▶ _Aim of the task_
With the line containing "High angle view" as the start and the line containing "Fiori di ciliegio bianchi — Foto Stock" as the end, transcribe that span of the entries below exactly, including both.

▶ _Record extracts_
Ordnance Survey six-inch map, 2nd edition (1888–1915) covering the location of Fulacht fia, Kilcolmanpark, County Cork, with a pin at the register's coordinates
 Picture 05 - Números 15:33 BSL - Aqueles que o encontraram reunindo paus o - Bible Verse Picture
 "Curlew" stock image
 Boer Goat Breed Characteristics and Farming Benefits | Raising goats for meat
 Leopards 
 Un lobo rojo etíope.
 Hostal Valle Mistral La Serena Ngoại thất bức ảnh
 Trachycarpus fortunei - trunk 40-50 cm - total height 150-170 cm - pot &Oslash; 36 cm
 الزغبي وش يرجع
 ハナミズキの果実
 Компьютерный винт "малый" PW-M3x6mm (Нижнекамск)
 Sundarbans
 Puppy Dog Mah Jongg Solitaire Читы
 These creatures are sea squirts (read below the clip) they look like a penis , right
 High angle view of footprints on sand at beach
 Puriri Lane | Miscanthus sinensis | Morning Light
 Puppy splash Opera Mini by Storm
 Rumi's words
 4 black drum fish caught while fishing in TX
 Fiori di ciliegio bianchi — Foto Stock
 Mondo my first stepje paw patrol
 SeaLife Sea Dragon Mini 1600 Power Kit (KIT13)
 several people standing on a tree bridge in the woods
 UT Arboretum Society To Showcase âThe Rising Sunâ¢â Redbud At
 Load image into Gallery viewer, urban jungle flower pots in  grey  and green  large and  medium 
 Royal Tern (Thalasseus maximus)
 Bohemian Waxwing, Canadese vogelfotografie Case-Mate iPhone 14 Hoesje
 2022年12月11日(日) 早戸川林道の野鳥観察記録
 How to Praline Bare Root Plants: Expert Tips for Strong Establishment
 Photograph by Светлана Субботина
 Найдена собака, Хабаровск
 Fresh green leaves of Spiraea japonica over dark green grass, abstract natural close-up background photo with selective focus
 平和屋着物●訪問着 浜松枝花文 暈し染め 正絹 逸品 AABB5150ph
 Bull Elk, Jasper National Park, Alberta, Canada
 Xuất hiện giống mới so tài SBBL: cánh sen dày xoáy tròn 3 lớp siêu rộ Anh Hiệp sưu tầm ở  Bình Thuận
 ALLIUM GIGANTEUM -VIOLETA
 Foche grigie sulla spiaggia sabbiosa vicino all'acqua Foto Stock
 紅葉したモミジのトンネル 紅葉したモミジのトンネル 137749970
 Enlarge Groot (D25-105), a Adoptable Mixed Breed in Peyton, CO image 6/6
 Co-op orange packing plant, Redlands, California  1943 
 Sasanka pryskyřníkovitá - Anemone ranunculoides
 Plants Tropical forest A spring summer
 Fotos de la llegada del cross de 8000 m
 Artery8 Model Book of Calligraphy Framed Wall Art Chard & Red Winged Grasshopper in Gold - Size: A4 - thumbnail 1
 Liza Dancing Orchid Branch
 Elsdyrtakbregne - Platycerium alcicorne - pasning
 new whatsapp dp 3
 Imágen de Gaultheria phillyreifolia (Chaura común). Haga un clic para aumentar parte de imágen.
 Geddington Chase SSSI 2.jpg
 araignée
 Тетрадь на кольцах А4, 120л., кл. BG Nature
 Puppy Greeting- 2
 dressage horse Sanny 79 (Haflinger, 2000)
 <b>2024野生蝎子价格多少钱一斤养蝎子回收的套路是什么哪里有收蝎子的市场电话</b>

▶ _Solution to this problem_
 High angle view of footprints on sand at beach
 Puriri Lane | Miscanthus sinensis | Morning Light
 Puppy splash Opera Mini by Storm
 Rumi's words
 4 black drum fish caught while fishing in TX
 Fiori di ciliegio bianchi — Foto Stock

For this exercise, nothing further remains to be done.